# Ranch work



## kellyanne1703 (Jun 16, 2011)

Hi

Im looking at coming to austrailia for a year on a working visa. I like the idea of working on a ranch / and fruit picking (mainly as this allows me to stay for another year) if thats correct! Would i need to have any experience with horses and cattle? I ma huge animal lover and a quick learner and dont mind getting my hands dirty! And used to driving quad bikes, and had a few goes on a motor bike .Wheres the best location for this and how would i go about looking for this type of work???


----------



## Joanna Burnet (Jul 3, 2011)

kellyanne1703 said:


> Hi
> 
> Im looking at coming to austrailia for a year on a working visa. I like the idea of working on a ranch / and fruit picking (mainly as this allows me to stay for another year) if thats correct! Would i need to have any experience with horses and cattle? I ma huge animal lover and a quick learner and dont mind getting my hands dirty! And used to driving quad bikes, and had a few goes on a motor bike .Wheres the best location for this and how would i go about looking for this type of work???


Hi Kellyanne

I have seen some of your posts regarding coming to Australia.
I live in Australia and work with young people and there are a few things I can tell you.

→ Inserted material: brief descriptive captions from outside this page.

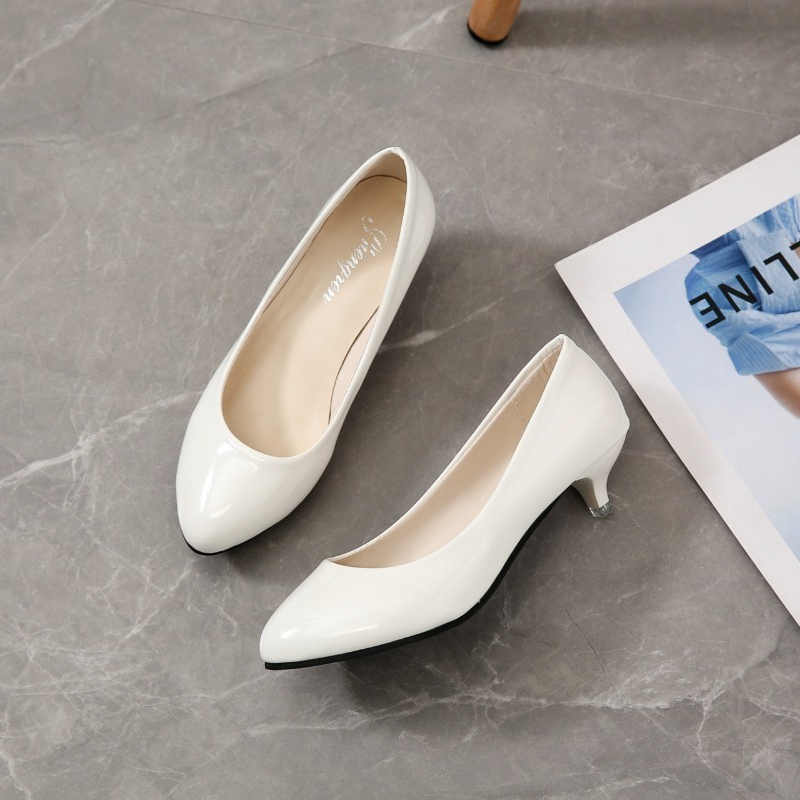 Büyük beden 35-42 yumuşak kadı - Women'S Shoes Round Toe incelemesi ve fiyatı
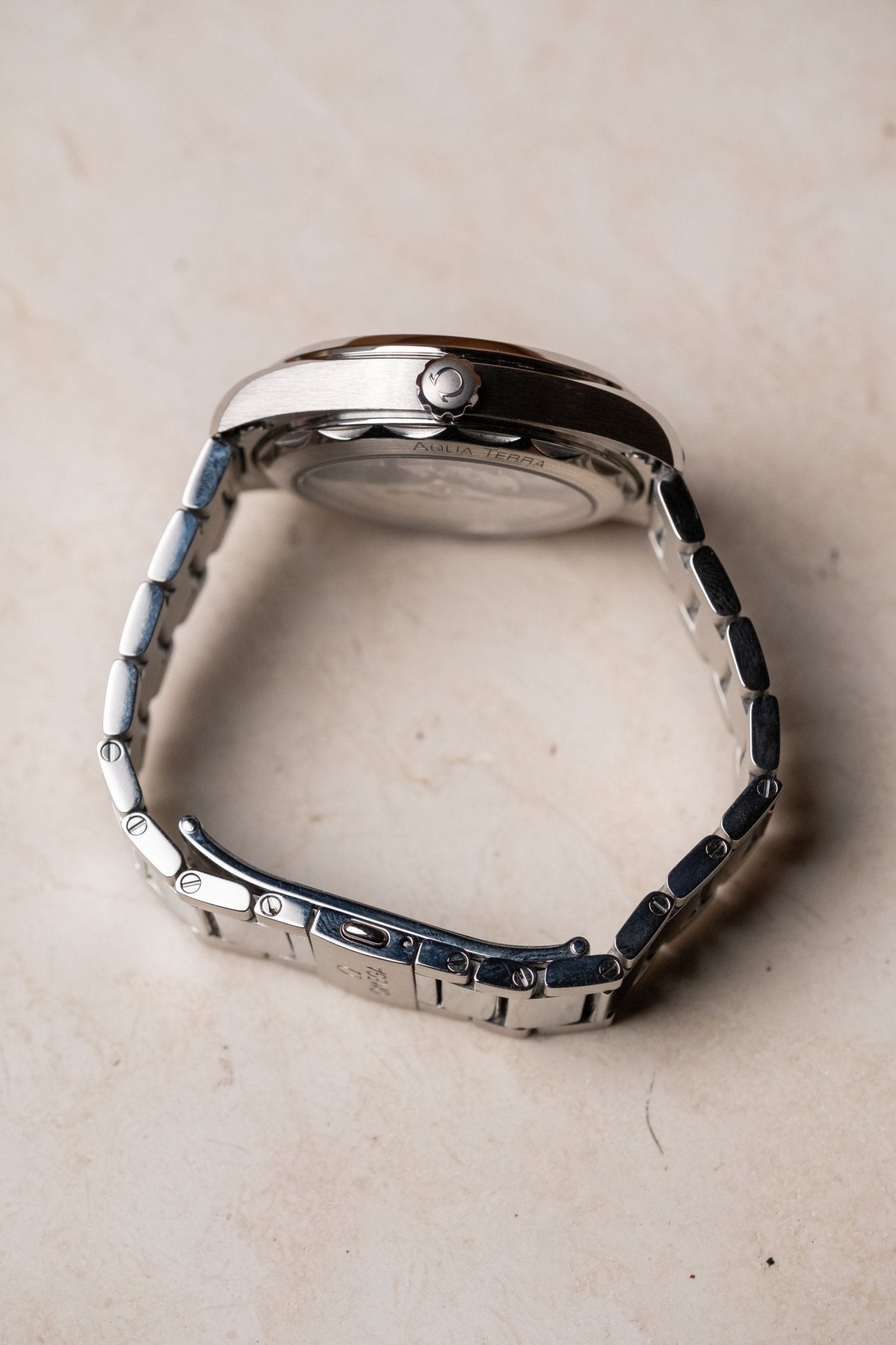 2023 Omega Aqua Terra Blue Dial Ref. 220.10.41.21.03.004 - Wristory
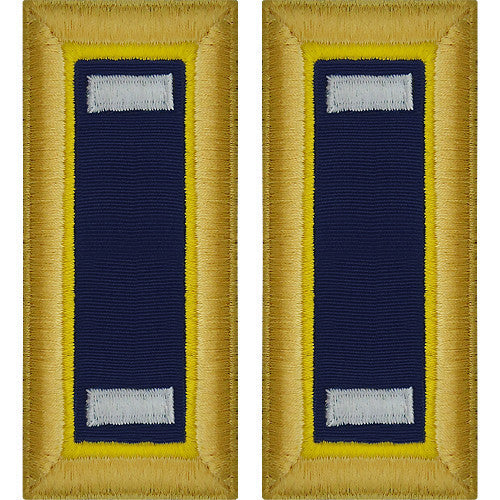 Army Shoulder Strap: First Lieutenant Chemical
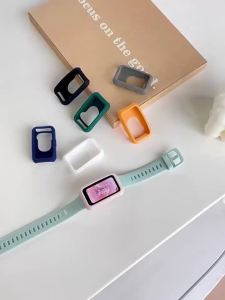 Ốp Silicon Mềm Cho Huawei Band 11 Tấm Bảo Vệ Màn Hình Chống Rơi Chống Trầy Xước Vỏ Tương Thích Với Huawei Band 11 Pro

It is very quick to get a Working Holiday Visa on line at the Department of Immigration website and it takes 3 - 5 days to arrive, usually. It is valid for one year from when you applied.
You can get a second working holiday visa, as you know, by working 88 days in a farm, outback or rural job. You do not have to do anything so mindless as fruitpicking for this - you can be a jilleroo or stationhand which is much more fun, more varied work and far better paid.
Don't bother to buy a car, this will hold you back to only visiting places where the roads are good enough for an old banger to travel - no dirt roads, therefore no real outback and therefore you are not really seeing Australia properly! Any car that most backpackers can afford to buy has probably been round Australia three times already and is ready to fall apart. We had a young couple with us in March and they were so keen on buying a car and we could not persuade them otherwise. This restricted their choice of jobs, and needless to say it broke down, terminally, in the most inconvenient place and at the most inconvenient time!
If you are planning a farm or ranch job then you will get the use of a vehicle on the farm. Best to hire a camper van for your holidays - Jucy are the best - then you have a reliable vehicle. Public transport is very good in Australia and most farm and ranch owners will either drive or fly to the nearest bus stop or airport to pick you up.
Work, there is only one organisation in Australia that guarantees work and this is Visitoz. Their UK office is in Taunton - speak to Will on 07966 528 644
Good luck with all your planning


----------



## kellyanne1703 (Jun 16, 2011)

Hi joanna,

Thanks for your reply! It was very useful, i noticed you said you worked with young people what did u mean by that? As i got a qualification working with children up to 16 years old! So wouldnt mind working with kids aswell!

Thanks


----------



## Joanna Burnet (Jul 3, 2011)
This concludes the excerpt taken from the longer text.